Natürlich hätte sich so mancher Fan längere Musikbeispiele oder Konzertausschnitte gewünscht, aber am Ende war ich sehr zufrieden, wie diese immer perfekt ausgewählt zu den jeweiligen Filmpassagen beigefügt wurden. So etwa, als Rogers langjährige Manager Karin Heinrich und Freddie de Wall ihn bei einem historischen Auftritt mit Pianist Joja Wendt erlebten und entdeckten. Rogers Version des Prince-Song „How Come U Don’t Call Me Anymore“ ist einer der raren Songs, die im Film (fast) komplett gezeigt werden. Diese frühe Version war ein vokaler Höhenflug. Die gesamte Musikbranche war glücklicherweise bei diesem denkwürdigen Auftritt anwesend, und es brauchte nicht lange bis Roger Cicero bei Heinrich/Dewall und Warnermusic unter Vertrag war.

Behutsam, niemals abrupt gelingen in diesem Künstlerporträt thematisch die Übergänge zum Vater Eugen. Beim gemeinsamen Auftritt singt der langhaarige Roger als Fünfzehnjähriger bereits sehr klangschön und in vollendeter Intonation den Billy-Joel-Hit „ Just The Way You Are“.

Tiefe, auch bisher unbekannte Einblicke in Eugen Ciceros Leben

Eugen Cicero wird auch mit mehreren Musiktiteln gezeigt. So, wie er den Soulsong von 1965 „Sunny“ mit hoher Virtuosität aber auch seiner speziellen Leichtigkeit spielt, steht er für mich genau zwischen Erroll Garner und Oscar Peterson. Über Eugen Ciceros Leben gewährt der Film durch seine Wegbegleiter tiefe, auch bisher unbekannte Einblicke – und da ging es nicht nur um seine frühen Erfolge sondern auch um Alkohol und Drogen.

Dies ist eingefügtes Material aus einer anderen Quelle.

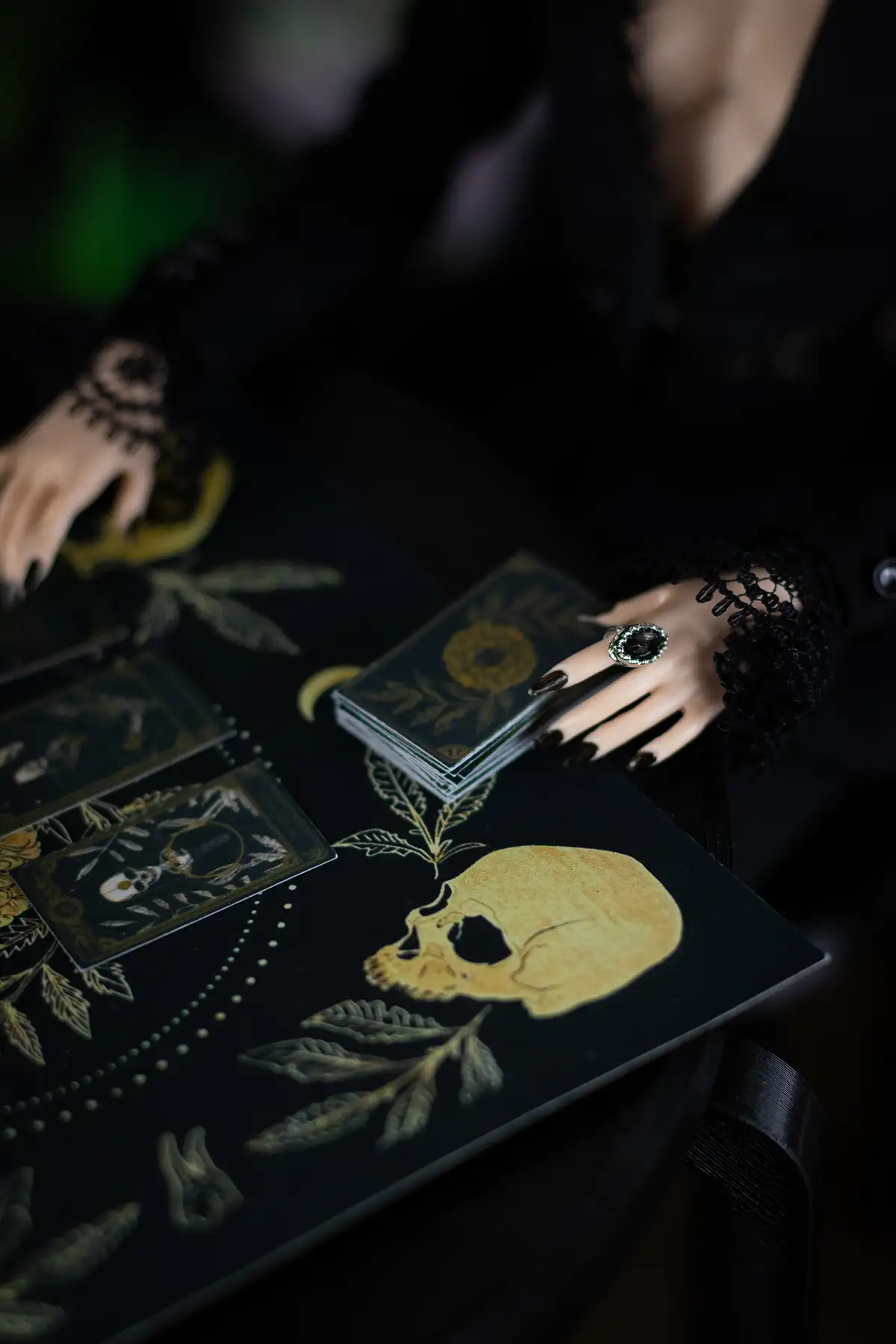 Doll hands resting beside fortune-telling cards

Dem Teil, der von Rogers letztem Besuch bei seinem Vater berichtet, wie er ihn tot in seinem Hotelzimmer findet – folgt ein weiterer Konzertausschnitt von Rogers Hommage an seinen Vater „Ich hätt so gern noch Tschüs gesagt“. Ich habe dieses Stück oft auf seinen Konzerten erlebt. Es ist eine Ballade, die eben nicht sentimental ist, sondern sich neben den traurigen weichen Tönen auch schmerzhaft in agressiven lauten Noten entlädt und diese Hommage zu einem ergreifenden Blues macht. Danach ist Stille und die Leinwand für einen Moment schwarz. Man denkt: das wars. Aber nein, so endet der Film nicht – und das ist gut.

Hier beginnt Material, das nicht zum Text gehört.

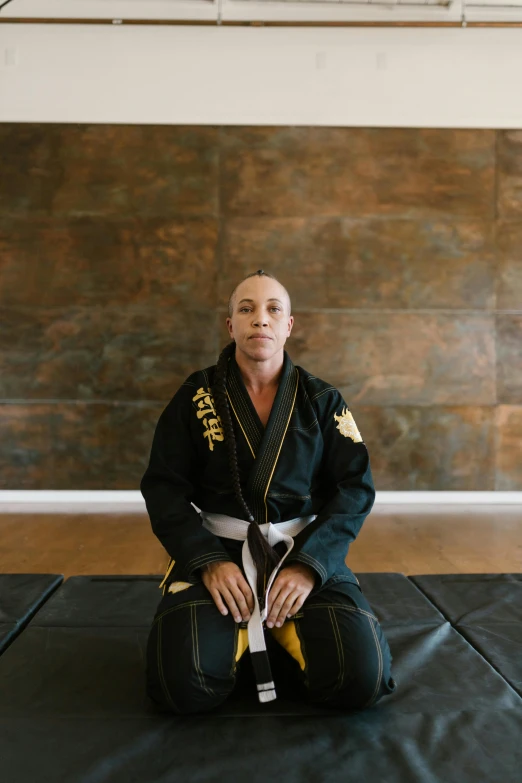 a woman sitting on top of a mat with a black karate outfit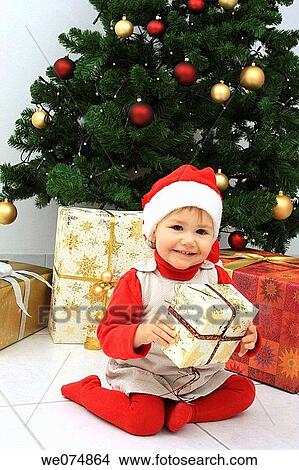 Child wearing Father Christmas hat with presents in front of Christmas Tree View Large Photo Image Picture - Child wearing Father Christmas hat with presents in front of Christmas Tree. Fotosearch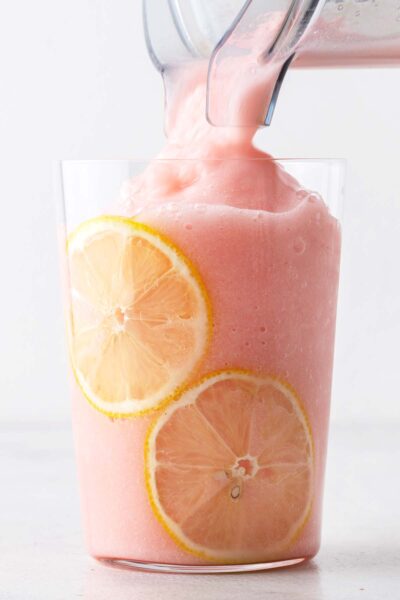 Pouring Frozen Strawberry Lemonade into a cup from a blender.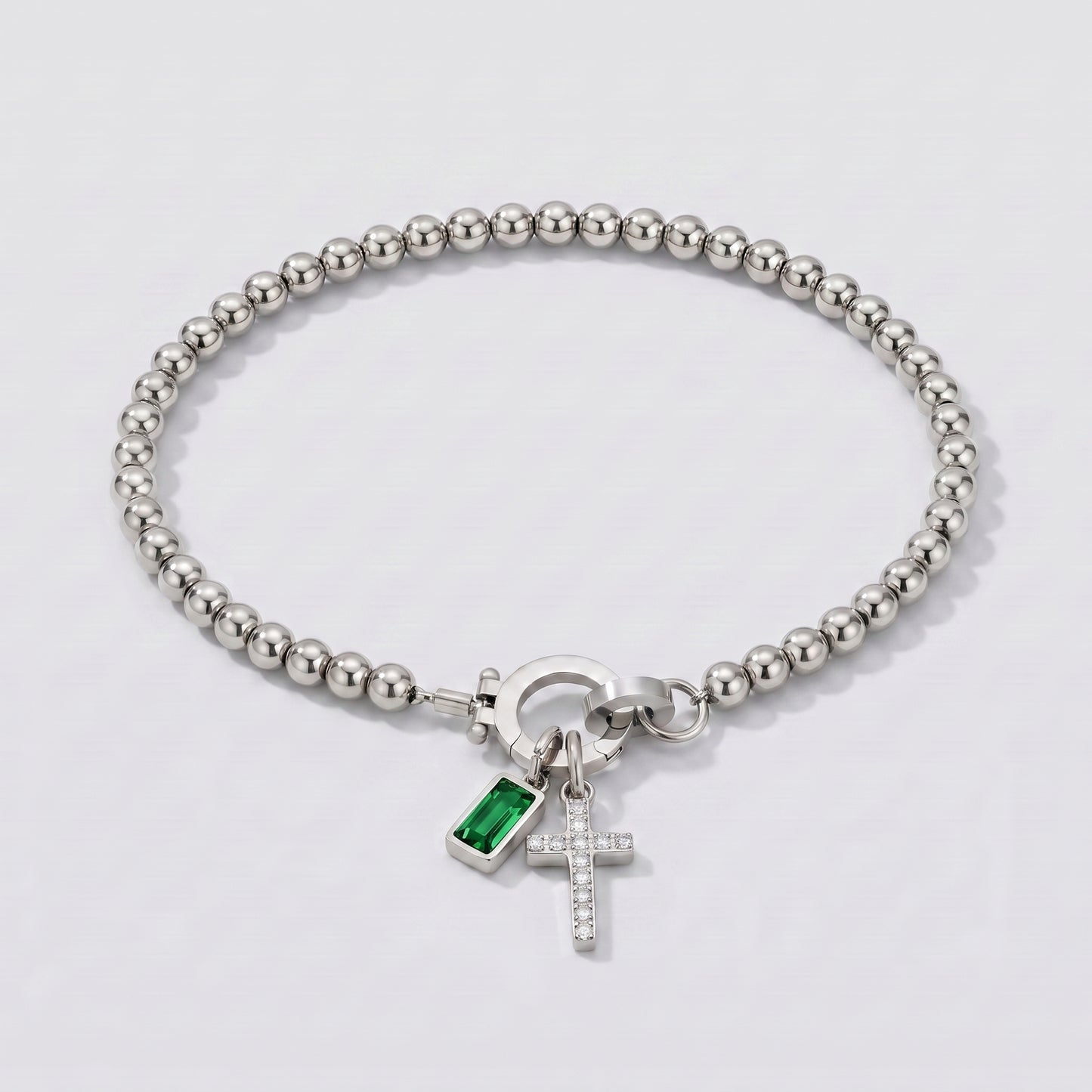 Pulseira prateada de contas com cruz e pedra de nascimento esmeralda verde de maio.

Denn wichtiger ist es, Roger mit all seiner Musizierfreude, seiner dynamischen Bühnenpräsenz, und seiner positiven Grundstimmung in Erinnerung zu halten. Denn zumindest auf der Bühne und auch in Interviews habe ich Roger überwiegend gutgelaunt und optimistisch erlebt. So ist es nur richtig wenn der letzte Song in diesem Künstlerporträt „Moondance“ von den Leverkusener Jazztagen ist. Diese tour de force dokumentiert explizit Roger Ciceros Meisterschaft des Jazzgesangs, seine musikalische Kreativität und seine schier unendliche Energie.

Es gibt in diesem Dokumentarfilm aber auch Dinge die keine besondere Erwähnung finden. Ich hätte gerne mehr erfahren über Rogers Zeit, als er in Holland lebte und Jazzgesang studierte. Über diese Zeit erfährt man nichts. Dazu kann man sich allerdings Rogers autobiografisches Buch „Weggefährten – Meine Songs fürs Leben“ (2010) “ zur Hand nehmen. Der Film informiert leider auch nicht über einen Meilenstein in Rogers Karriere: Roger Cicero hatte auf dem Mekka aller Jazzfestivals nämlich „Montreux“ einen Auftritt. Hier steht er mit seiner Bigband am Sommerabend des 12. Juli 2010 vor einem jazzverwöhnten Publikum auf der Bühne des 44. Montreux Jazz Festival.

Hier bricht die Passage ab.